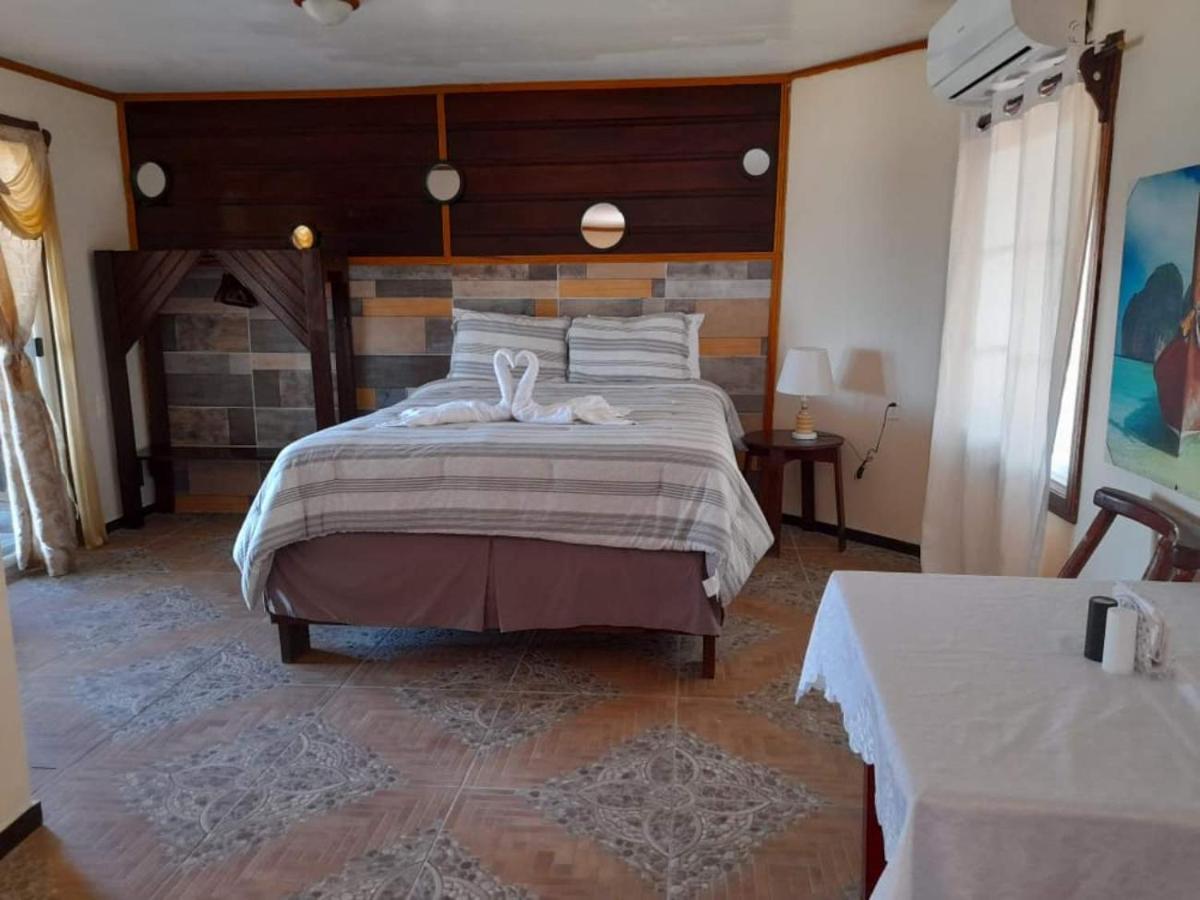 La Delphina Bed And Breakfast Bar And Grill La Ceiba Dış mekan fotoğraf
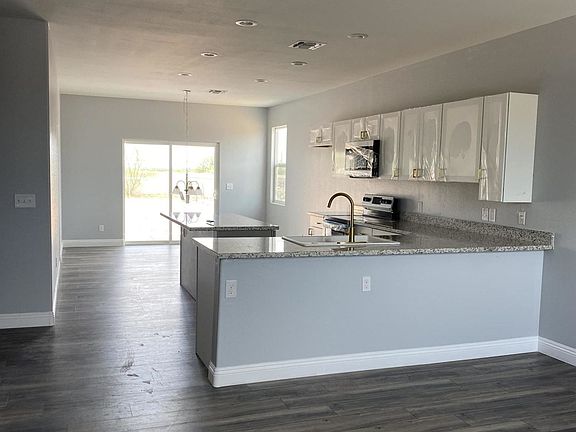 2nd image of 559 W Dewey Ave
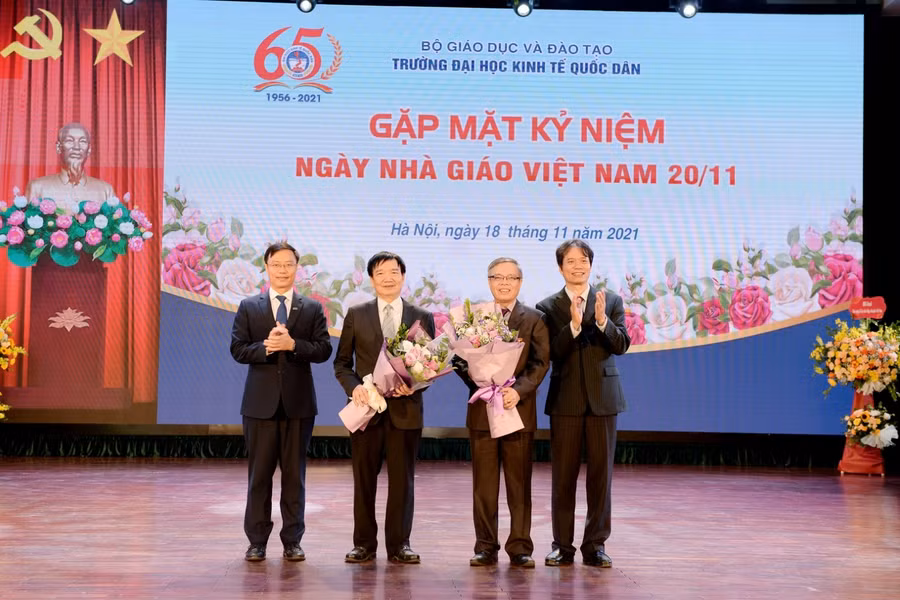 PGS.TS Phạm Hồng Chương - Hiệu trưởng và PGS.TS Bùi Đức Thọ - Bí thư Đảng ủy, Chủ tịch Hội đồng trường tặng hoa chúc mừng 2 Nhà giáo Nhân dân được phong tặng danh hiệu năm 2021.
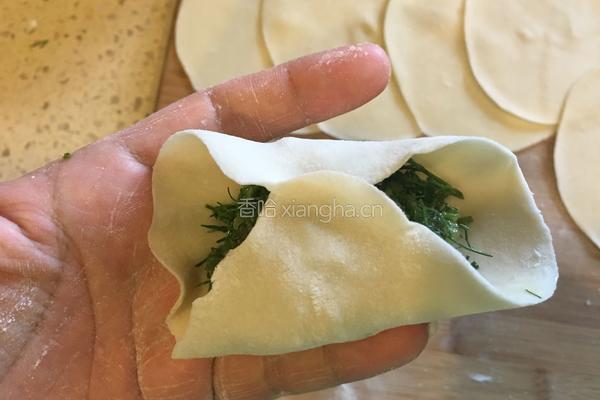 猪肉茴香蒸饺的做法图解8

____

What you have to do: Copy the listing word for word, excluding its pictures.

Reply:
 La Delphina Bed And Breakfast Bar And Grill La Ceiba Dış mekan fotoğraf
 2nd image of 559 W Dewey Ave
 PGS.TS Phạm Hồng Chương - Hiệu trưởng và PGS.TS Bùi Đức Thọ - Bí thư Đảng ủy, Chủ tịch Hội đồng trường tặng hoa chúc mừng 2 Nhà giáo Nhân dân được phong tặng danh hiệu năm 2021.
 猪肉茴香蒸饺的做法图解8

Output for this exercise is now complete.